When I graduated from high school my graduation present was a trip to California with the tethering aunt to visit the visiting aunt (they were sisters). It was now my turn to ride the train. I was enthralled. We rode in coach, but the chairs leaned back further and were separated more from each other than today’s Amtrak cars. In the dining room we sat at real tables with moveable chairs. White linens covered the tables. The silverware was actually silver. Fresh flowers stood in vases next to the window. Waiters poured steaming cups of coffee from silver pots. Had the car not swayed, I would have thought I were in a fancy hotel dining room. A chef on board actually cooked the meals. Those were nice days.
It took two nights to arrive in California. The second night I met a young man much older than me. He was almost finished with college. We sat in the club car and talked forever as the car slowly emptied itself of passengers. We continued to talk. … and talk…( ok…managed to kiss a few times). I didn’t have a watch on, but it was getting late into the night. We both had to go to the bathroom at the same time. We came back and talked some more. It must have been almost 3 AM or later when I made my way back to a very worried aunt. She had come looking for me at the time we took our mutual breaks. She knew the train hadn’t made a stop, but she had no idea what had happened to me. Maybe she thought I had been dragged into a sleeping car. I didn’t ask. The ride home was not as memorable.
I took another ride to California during college, this time staying with a cousin I didn’t meet until I got out there. She introduced me to more of my maternal relatives.
I rode from my home to Chicago several times the two years I attended college there. On my trip to Russia I rode from Moscow to Kiev overnight. The bar served marvelous vodka and the Russian guys were cute. I took my son back “home” to visit when he was in pre-school. He had a wonderful time riding in the top bunk.
I’ve gone back twice to visit on my own. I gave myself the luxury of a sleeping car on this second trip last December. The “roomettes” have definitely shrunk in the past thirty years. Little did I know how uncomfortable the thin mattressed bunks had become or how much I would have to brace myself to stay in the bunk as the train swayed from side to side. In the morning my back ached. I didn’t know if it was from bruised kidneys or muscle strain.
That still wasn’t enough to make me quit “riding the rails”. Watching the terrain change between Texas and Illinois is always interesting. It was especially so last winter when at numerous places along the way, fresh animal tracks could be seen in the snow.
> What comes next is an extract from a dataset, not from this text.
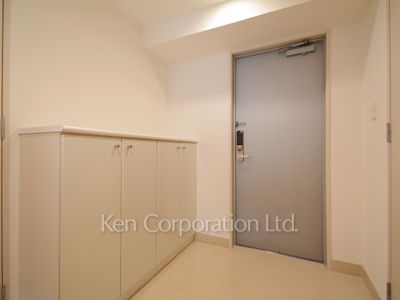 Entrance ※Photo of the same layout on 20 floor. Decoration and fixture may differ.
I love meeting the folks in the observation car and the dining car which now looks like something out of a fast food chain. The food is loaded on at various stops. The chef and his made-to-order food is gone. The silverware has disappeared, but the chance to meet someone special, or have someone special waiting at the end of the ride even if it is for only a few hours….that remains. There’s still a chance for memories.